More and more insurance producers are moving toward planning, specifically through the registered investment advisor route. For these advisors, the big question is not necessarily which portfolio should the client be invested in with all of their money, it’s how much of the client’s money belongs in investments, and how much money should be used to support basic needs with insurance products like annuities. These advisors can and should bridge the gap between the investment word and the insurance world.

Weighing Options
For instance, if a client has a $1,000,000 portfolio that consists of 50% stocks and 50% bonds, their downside risk exposure is roughly $350,000. So, if the client can’t get through retirement with $650,000, then they should probably be invested differently in the first place. That’s the question of risk capacity.
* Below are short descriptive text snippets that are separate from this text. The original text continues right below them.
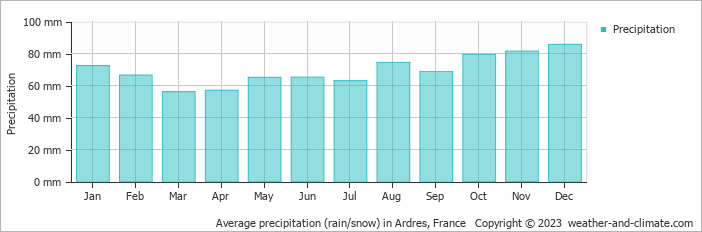 Average monthly rainfall, snow, precipitation in Ardres, France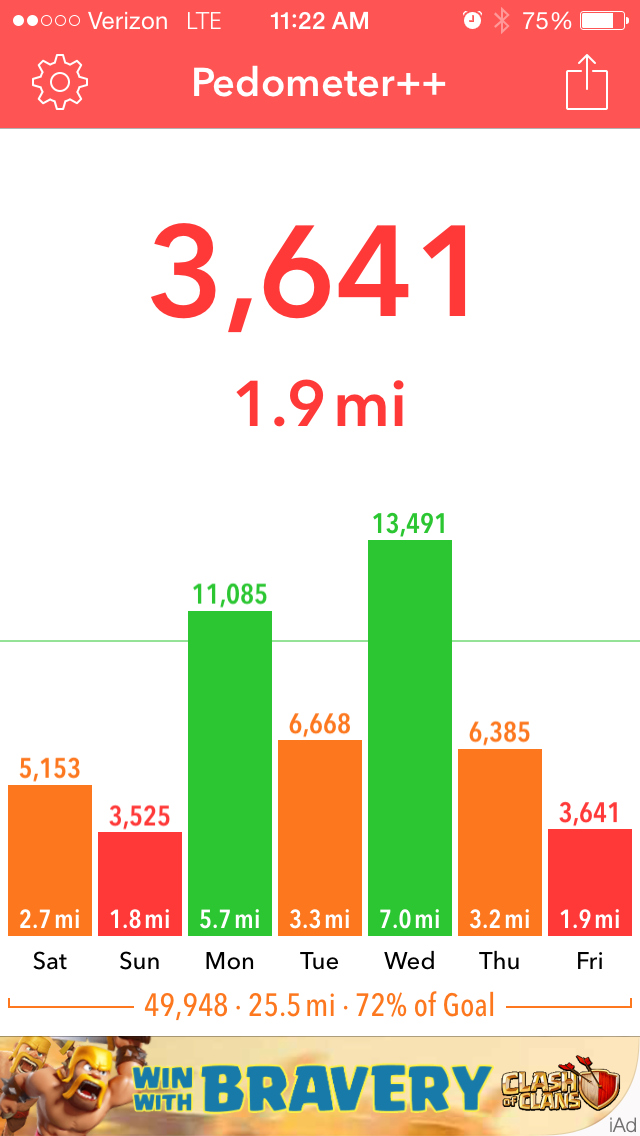 Pedometer++ Screenshot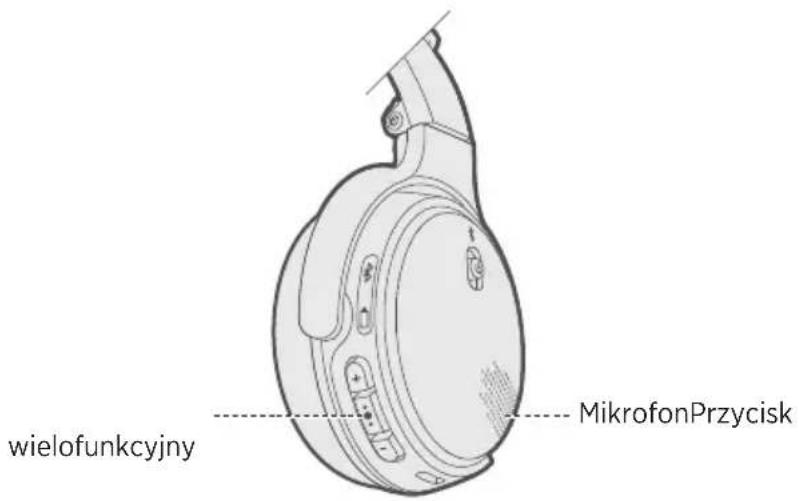 BOSE OnEar Wireless - Funkcje połaczenia teleonicznych - 1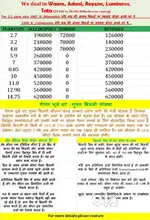 Solar panel installation at lowest rate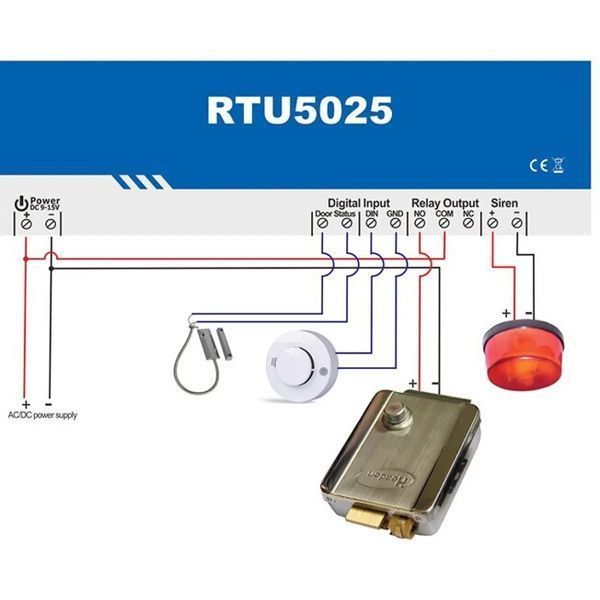 Одноканальний GSM-модуль RTU5025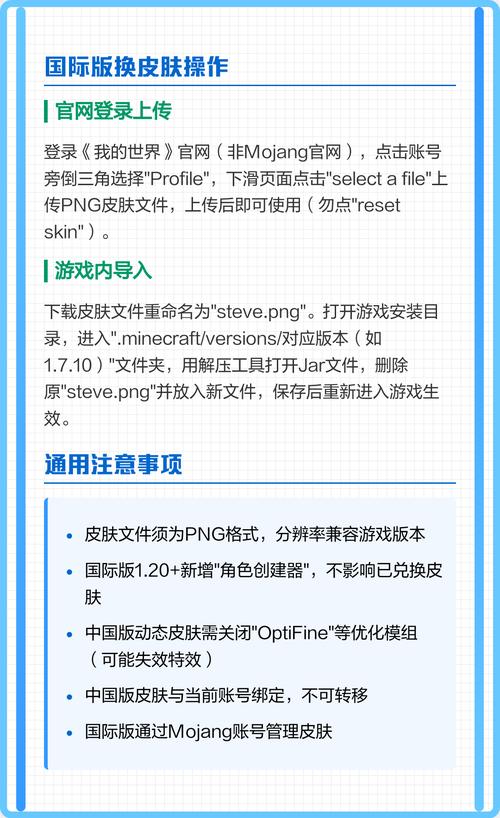我的世界角色皮肤怎么换图标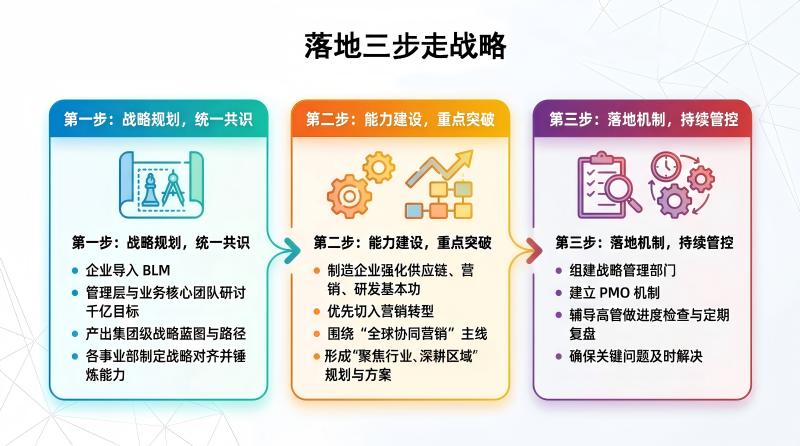 落地三步走战略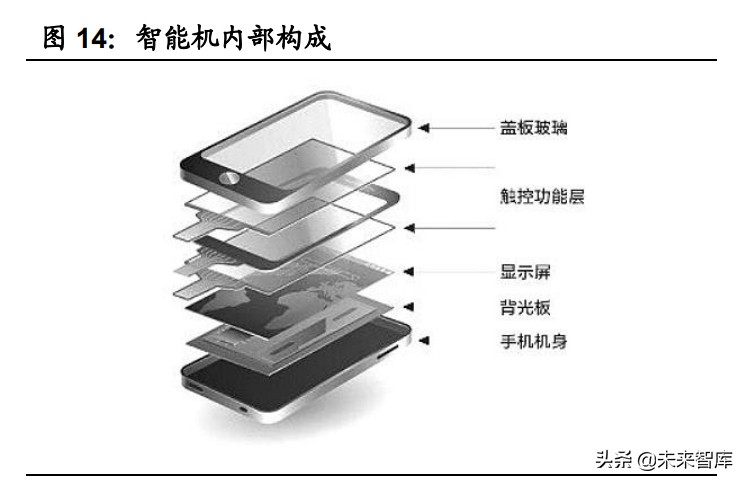 手机玻璃盖板行业,手机盖板行业专题报告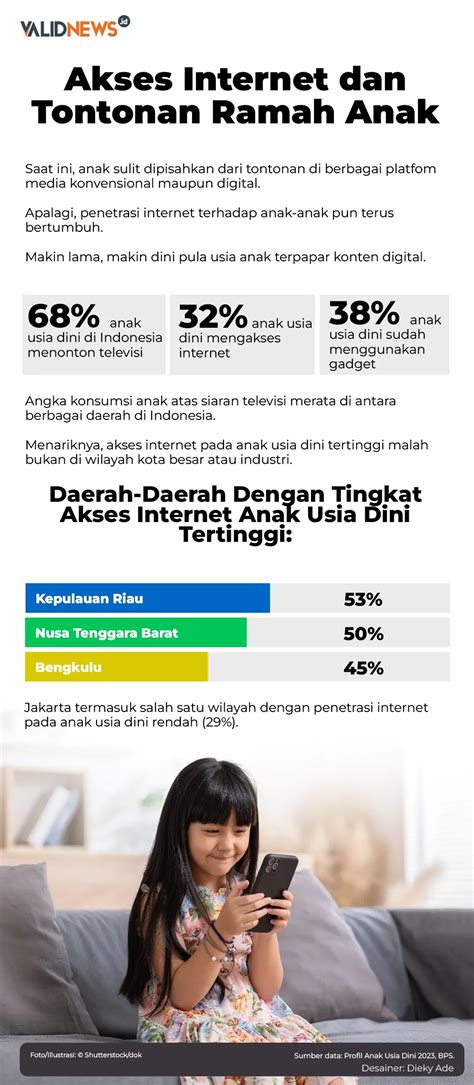InDoNeSiA HoT PoRn tontonan mengerikan bikin merinding dan berlangganan paket eksklusif terjangkau cara mudah — Komparasi akselerasi sekarang image 1
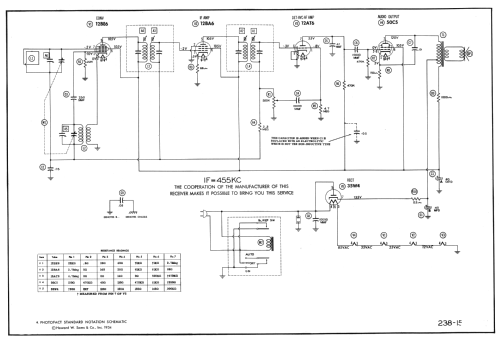 L515W Ch= 5L06; Zenith Radio Corp.; (ID = 985170) Radio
Alternatively, if the same client has $500,000 in a fixed annuity and the remaining $500,000 in the market, the potential loss is $175,000 rather than $350,000. While the annuity won’t potentially drive the same long-term returns, it may be beneficial because of its principal protection and lack of correlation to market moves. If the client can get through retirement with $825,000, after accounting for the lower potential returns, then incorporating an annuity into the client’s overall plan is likely a better path.

Rather than changing the portfolio’s blend of stocks and bonds, retirement income advisors are increasingly considering how much is allocated to investments in the first place and how much is allocated to savings and insurance vehicles designed to guarantee a minimum level of income or return depending on product and case design. This is an example of using annuities to better manage client portfolios to the client’s risk capacity.

Risk Tolerance
A second consideration is risk tolerance, which could be thought of as the maximum loss a client can handle before they capitulate and sell for fear that their investments could go down even further. Ideally, an advisor would never put a client in a portfolio that exceeds the client’s risk tolerance because even though it’s likely that the client would achieve higher long term returns in a more aggressive portfolio, if the client sells during inevitable dips, those higher long term returns would not be realized.

In order to effectively plan for both risk tolerance and risk capacity, an advisor must have a good estimate of the downside exposure that is actually present in a client portfolio. Unfortunately, most risk software used by advisors doesn’t adequately capture the inherent risk in financial markets, primarily due to the methodology of these tools. Most risk estimates use a value at-risk methodology, coupled with a normal distribution (also known as a Gaussian distribution, or a bell curve). This methodology suggests that 95% of market returns fall within two standard deviations of the mean. While it’s the most common way of representing risk, markets don't seem to fit this model very well. In fact, extreme market events happen with greater frequency and severity than the normal bell curve would predict. For instance, the bell curve would suggest that Black Monday should actually happen once every 100,000 times the age of the universe.

Dangerous Curve Ahead
In his New York Times best seller, The Black Swan: The Impact of the Highly Improbable, Nicholas Nassim Taleb highlighted a decades-old idea that financial markets do not follow a bell curve. In fact, he suggested that using a bell curve as the basis for navigating risk can be dangerous. This forced many major financial institutions to adopt heavy-tailed risk models that more accurately capture the frequency and impact of much more severe losses in financial markets.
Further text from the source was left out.